After the Omayyad troops had left, tribesmen from a nearby village buried Ḥosayn and ʿAbbās in the battlefield, and as early as 65/684-85 Ḥosayn’s grave became a pilgrimage site for the Shiʿites. In the first decades following Ḥosayn’s death, visitation of his tomb was precarious and was observed mainly by the members of the ʿAlid family. By the 9th century, the Shiʿite Imams were already attempting to institutionalize the practice of ziārat al-ʿĀšurāʾ (visitation on the 10 Moḥarram) and ziārat al-arbaʿin (visitation on the fortieth day of Ḥosayn’s death; see ARBAʿIN) as a central element in Shiʿite identity. The early traditions attribute such attempts to Imām Jaʿfar al-Ṣādeq (d. 148/765, Nakash, 1995, p. 155). In promoting the visitations, the Imams exalted Karbala’s position, attributing blessing and healing power to its soil and highlighting the future heavenly rewards that the visitors would gain. Henceforth, the pilgrimage, particularly to Karbala, aimed at preserving Shiʿite collective memory and group identity distinguished from that of the Sunnis. Since they were taken throughout the year, the visitations became a more popular destination among the Shiʿites.

Under the early ʿAbbasids, a tomb was built over Ḥosayn’s grave, and its custodians were endowed by the pious benefactions of Omm Musā, mother of the caliph Mahdi (d. 158/764), who attempted to heal the rift between the ʿAbbasids and ʿAlids (Ṭabari, III, p. 752). In 236/850-51, the caliph al-Matawakkel (r. 232-47/847-61), who had adopted a strong anti-ʿAlid policy, had the tomb and its surrounding structures destroyed and prohibited the visitations to them. He also ordered that the area be irrigated and sown. However, after his death the graves were rebuilt and Ḥosayn’s tomb restored (Ṭabari, III, p. 1407; Mostawfi, p. 32; tr., p. 39; Ebn Ḥawqal, p. 166).

Under the the pro-ʿAlid Buyids (q.v.), Karbala enjoyed increasing reverence among the Shiʿites, for many of them replacing the more perilous Mecca and Medina as the goal of pilgrimage. In 369/979-80, the Buyid amir ʿAżod-al-Dawla (r. 338-72/949-83) built a shrine over Ḥosayn’s grave (Kabir, p. 64). Around it there grew up schools, hostels, and cemeteries, as burial in Karbala as a pious act became increasingly popular from the 3rd/9th century.

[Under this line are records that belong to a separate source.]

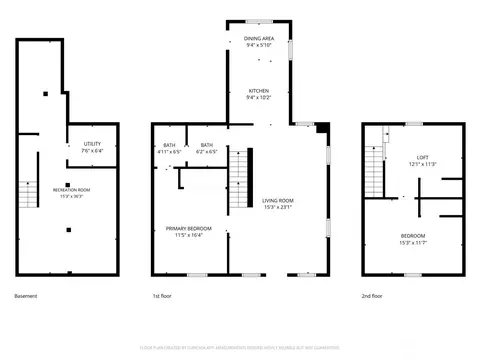 Floorplan - 1710 36th St, Everett, WA 98201 photo 1 of 1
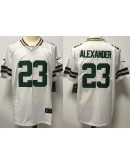 Jaire Alexander #23 Green Bay Packers Jersey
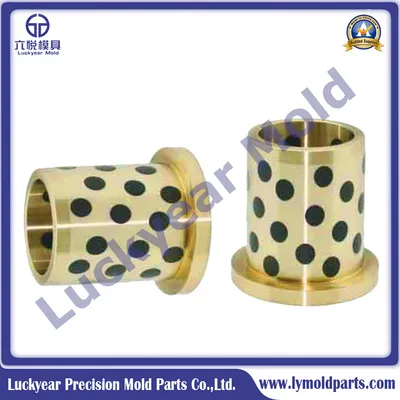 Hardened Metal Standard Ball Cage with Yellow Retainer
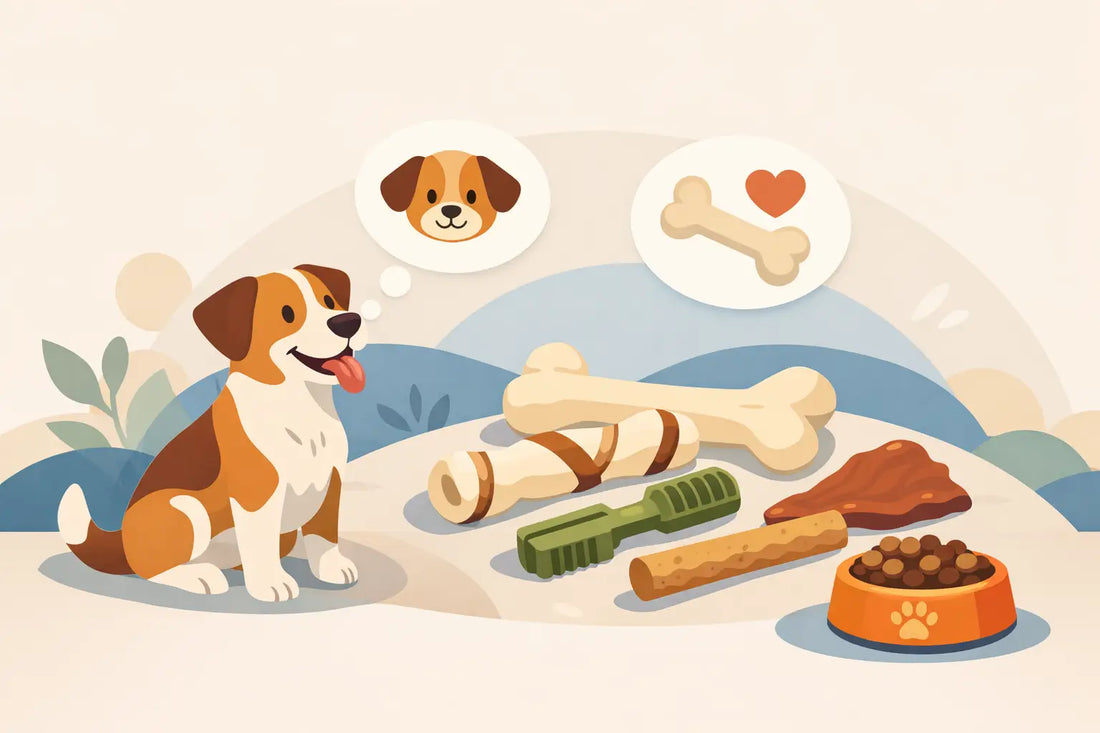 How to Choose Dog Chews That Suit Your Pup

The Saljuq conquest of Baghdad in 447/1055 dealt a heavy blow to the Shiʿites, since the Saljuqs patronized the Sunni revival in the eastern Muslim world. Still, Solṭān Malekšāh visited Karbala in 479/1086, and ordered the repair of the town walls (Ebn al-Aṯir, X, p. 156).

The Il-khanid ruler, Ḡāzān Khan (r. 694-703/1295-1304) visited Karbala in 1303 and bestowed royal presents on Ḥosayn’s shrine (Ḵalili, p. 87; Nöldeke, p. 40). The traveler Ebn Baṭṭuṭa, who visited Karbala in 1326-27, mentioned a large madrasa and a zāwia near the shrine to accommodate pilgrims, and he described the town as surrounded by date groves irrigated by the Euphrates River (Ebn Baṭṭuṭa, II, p. 99). As a center of Shiʿite learning, however, Karbala was overshadowed by Ḥella during these periods.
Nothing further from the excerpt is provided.